F1 score (harmonic mean of precision and recall) = 0.971. Twenty of twenty-one cases passed, all with 3/3 trial unanimity. The one failure (discriminator G3) is a reranker discrimination limit documented in the companion post. All three review-panel bugs were fixed before the evaluation ran.

Limits

Twenty-one fixtures is a small sample. Three cases per category provides existence proofs, not statistical power. A single flaky trial could flip a category. The majority voting mechanism — three trials per case, pass if majority pass — mitigates non-determinism but does not compensate for small N.

The negative assertions are string-matching. The not_contains check searches for literal substrings in the output. A paraphrase of the excluded content — “Postgres” instead of “PostgreSQL” — would evade the check. Semantic absence testing would require a classifier, which would add a model dependency to the evaluation itself.

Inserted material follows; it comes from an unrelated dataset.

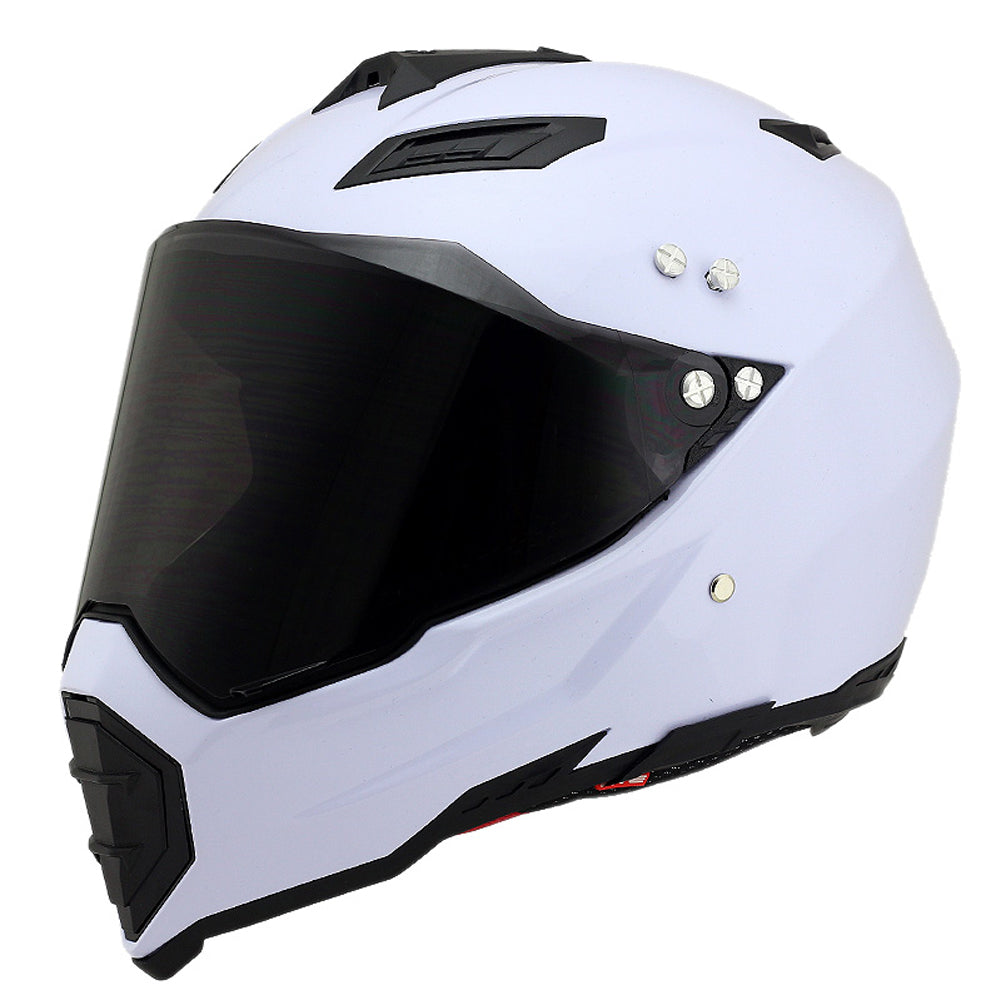 Handsome full-cover motorcycle off-road helmet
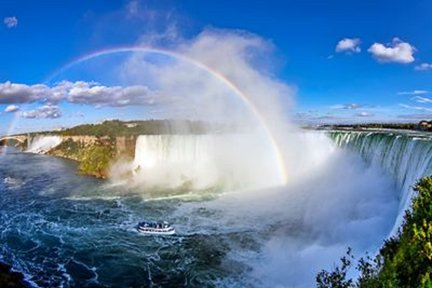  Best of Niagara Falls US,Corning&Watkins Glen 2-Day Tour from NYC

The ablation was not run. The evaluation confirmed F1 score = 0.971 with injection enabled. The companion run with injection disabled — which would confirm that categories C and G fail without it — was identified as necessary but not executed. The architecture supports it. The data does not exist yet. Update: the ablation has been run. With CRIB_PREF_LIMIT=0 (injection disabled), F1 dropped from 0.971 to 0.714. All three Category C (pure dispositional) cases failed, all three Category F (multiple preferences) cases failed, and one Category G (discriminator) case failed. Categories A, B, D, and E were unaffected. Precision remained 1.0 in both runs — the system never hallucinates preferences, it only misses them.